Plaintiff contends that the trial judge simply interposed a different view of the facts from that of the jury. We believe the trial judge in no sense misapprehended his role, but properly applied his concept of the appropriate legal standards, in accordance with Arkansas law.
Defendant was therefore entitled to judgment in its favor on Count II.
Because plaintiff did not prevail on its tort claim, the punitive damage award must necessarily fail, insofar as it rested on Count II. Insofar as the award may have been based in part on the recovery for breach of contract, under Count I, we agree with what the district judge said on this subject ( 583 F. Supp. 566-67) and we also conclude that the bar to punitive damages in the contract action has been strengthened by a recent decision of the Arkansas Supreme Court. L.L. Cole Son, Inc. v. Hickman, 282 Ark. 6, 665 S.W.2d 278 (1984). That decision reaffirms a sharp distinction between damage exposure for torts and on breach of contract claims.
Using a rationale attributed to Justice Holmes, the Supreme Court of Arkansas recognized "the option to breach a contract and pay damages if it is more efficient to do so." Id., 665 S.W.2d at 280. This theory logically results in a limitation of breach of contract damage exposure to losses contemplated by the contracting parties, and for which a defendant "at least tacitly agreed to assume responsibility." Morrow v. First National Bank of Hot Springs, 261 Ark. 568, 550 S.W.2d 429, 430 (1977). Exercise of the "option" of nonperformance does not in itself create exposure to punitive damages. L.L. Cole Son, Inc., 665 S.W.2d at 280. The Arkansas Supreme Court further ruled in L.L. Cole that tort claims must be separated from breach of contract claims, and that if punitive damages are sought, they are dependent on the success of the tort claims. 665 S.W.2d at 281.

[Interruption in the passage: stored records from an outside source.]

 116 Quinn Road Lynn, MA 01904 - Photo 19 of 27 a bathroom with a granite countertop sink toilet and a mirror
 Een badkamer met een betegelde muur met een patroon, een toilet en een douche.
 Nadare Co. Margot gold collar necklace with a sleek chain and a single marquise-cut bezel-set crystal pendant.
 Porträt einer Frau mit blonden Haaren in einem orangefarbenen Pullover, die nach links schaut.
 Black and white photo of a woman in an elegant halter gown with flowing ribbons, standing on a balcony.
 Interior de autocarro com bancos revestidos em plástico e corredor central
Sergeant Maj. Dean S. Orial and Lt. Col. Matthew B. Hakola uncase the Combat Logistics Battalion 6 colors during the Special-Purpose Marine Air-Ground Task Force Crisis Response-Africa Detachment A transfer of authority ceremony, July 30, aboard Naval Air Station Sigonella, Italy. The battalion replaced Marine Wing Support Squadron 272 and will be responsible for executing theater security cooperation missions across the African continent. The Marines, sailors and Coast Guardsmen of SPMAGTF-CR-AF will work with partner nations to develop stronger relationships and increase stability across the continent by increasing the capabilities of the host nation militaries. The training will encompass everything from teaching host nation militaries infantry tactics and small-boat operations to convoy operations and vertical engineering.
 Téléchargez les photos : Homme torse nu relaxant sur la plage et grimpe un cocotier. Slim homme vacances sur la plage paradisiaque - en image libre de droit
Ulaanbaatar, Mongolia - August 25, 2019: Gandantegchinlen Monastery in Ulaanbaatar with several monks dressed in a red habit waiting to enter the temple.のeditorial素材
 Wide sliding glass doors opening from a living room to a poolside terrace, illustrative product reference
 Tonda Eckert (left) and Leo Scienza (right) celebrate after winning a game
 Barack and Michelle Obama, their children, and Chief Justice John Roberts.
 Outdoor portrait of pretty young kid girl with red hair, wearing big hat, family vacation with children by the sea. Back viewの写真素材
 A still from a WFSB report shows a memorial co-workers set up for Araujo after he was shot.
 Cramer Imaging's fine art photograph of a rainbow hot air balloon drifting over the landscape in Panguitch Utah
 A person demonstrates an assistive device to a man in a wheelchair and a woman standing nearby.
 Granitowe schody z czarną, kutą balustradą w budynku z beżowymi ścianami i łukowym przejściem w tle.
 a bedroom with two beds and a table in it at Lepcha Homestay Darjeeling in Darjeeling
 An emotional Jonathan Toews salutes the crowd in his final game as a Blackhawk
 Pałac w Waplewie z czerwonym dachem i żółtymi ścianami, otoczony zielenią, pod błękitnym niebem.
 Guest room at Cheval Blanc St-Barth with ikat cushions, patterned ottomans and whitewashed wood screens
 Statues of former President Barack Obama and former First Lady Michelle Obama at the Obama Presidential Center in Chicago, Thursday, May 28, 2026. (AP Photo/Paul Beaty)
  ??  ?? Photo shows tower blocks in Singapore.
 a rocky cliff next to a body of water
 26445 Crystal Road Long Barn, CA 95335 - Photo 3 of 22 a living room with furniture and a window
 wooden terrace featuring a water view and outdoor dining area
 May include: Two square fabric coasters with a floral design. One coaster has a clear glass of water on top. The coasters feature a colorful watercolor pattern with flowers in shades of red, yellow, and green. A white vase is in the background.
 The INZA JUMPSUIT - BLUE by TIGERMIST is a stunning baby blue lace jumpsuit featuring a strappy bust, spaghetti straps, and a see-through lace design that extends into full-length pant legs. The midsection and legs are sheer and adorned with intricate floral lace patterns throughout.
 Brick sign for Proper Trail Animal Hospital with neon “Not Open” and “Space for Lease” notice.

As applied to the case at bar, L.L. Cole teaches that no punitive damages could be allowed under Count I, and their submissibility was dependent on liability under the bad faith claim asserted in Count II. Our ruling on Count II is therefore dispositive of the punitive damage claim.
Having reviewed all contentions of the parties, we conclude that, except for the interest modification noted above, the judgment of the district court should be and is hereby affirmed.